What you have to do ▸
Set down exactly, and only, the lines from the one with "Framed abstract artwork" to the final line of the entries, both included.

┌─ Records

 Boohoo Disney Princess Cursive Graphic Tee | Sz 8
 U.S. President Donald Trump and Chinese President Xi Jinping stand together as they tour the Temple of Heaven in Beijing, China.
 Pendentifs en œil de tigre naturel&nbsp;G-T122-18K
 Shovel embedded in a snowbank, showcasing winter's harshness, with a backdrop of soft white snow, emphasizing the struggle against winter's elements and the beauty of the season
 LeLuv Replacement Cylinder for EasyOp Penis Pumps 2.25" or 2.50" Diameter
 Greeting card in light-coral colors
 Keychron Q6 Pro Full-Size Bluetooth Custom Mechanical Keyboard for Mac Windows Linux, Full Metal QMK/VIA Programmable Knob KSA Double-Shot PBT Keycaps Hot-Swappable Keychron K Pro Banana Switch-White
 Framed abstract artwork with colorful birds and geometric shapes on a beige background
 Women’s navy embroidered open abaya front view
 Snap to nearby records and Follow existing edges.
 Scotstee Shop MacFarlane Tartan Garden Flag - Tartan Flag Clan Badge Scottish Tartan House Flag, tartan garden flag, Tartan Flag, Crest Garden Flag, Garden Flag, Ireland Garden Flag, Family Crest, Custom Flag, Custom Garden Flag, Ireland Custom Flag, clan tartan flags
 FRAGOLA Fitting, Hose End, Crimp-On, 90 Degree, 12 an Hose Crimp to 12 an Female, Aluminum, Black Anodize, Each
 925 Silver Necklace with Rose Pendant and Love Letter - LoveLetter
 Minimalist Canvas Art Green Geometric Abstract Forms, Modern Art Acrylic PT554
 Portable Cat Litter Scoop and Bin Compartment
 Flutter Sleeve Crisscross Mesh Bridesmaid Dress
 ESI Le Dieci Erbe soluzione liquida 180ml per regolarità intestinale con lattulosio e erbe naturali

└─

Response area ▸
 Framed abstract artwork with colorful birds and geometric shapes on a beige background
 Women’s navy embroidered open abaya front view
 Snap to nearby records and Follow existing edges.
 Scotstee Shop MacFarlane Tartan Garden Flag - Tartan Flag Clan Badge Scottish Tartan House Flag, tartan garden flag, Tartan Flag, Crest Garden Flag, Garden Flag, Ireland Garden Flag, Family Crest, Custom Flag, Custom Garden Flag, Ireland Custom Flag, clan tartan flags
 FRAGOLA Fitting, Hose End, Crimp-On, 90 Degree, 12 an Hose Crimp to 12 an Female, Aluminum, Black Anodize, Each
 925 Silver Necklace with Rose Pendant and Love Letter - LoveLetter
 Minimalist Canvas Art Green Geometric Abstract Forms, Modern Art Acrylic PT554
 Portable Cat Litter Scoop and Bin Compartment
 Flutter Sleeve Crisscross Mesh Bridesmaid Dress
 ESI Le Dieci Erbe soluzione liquida 180ml per regolarità intestinale con lattulosio e erbe naturali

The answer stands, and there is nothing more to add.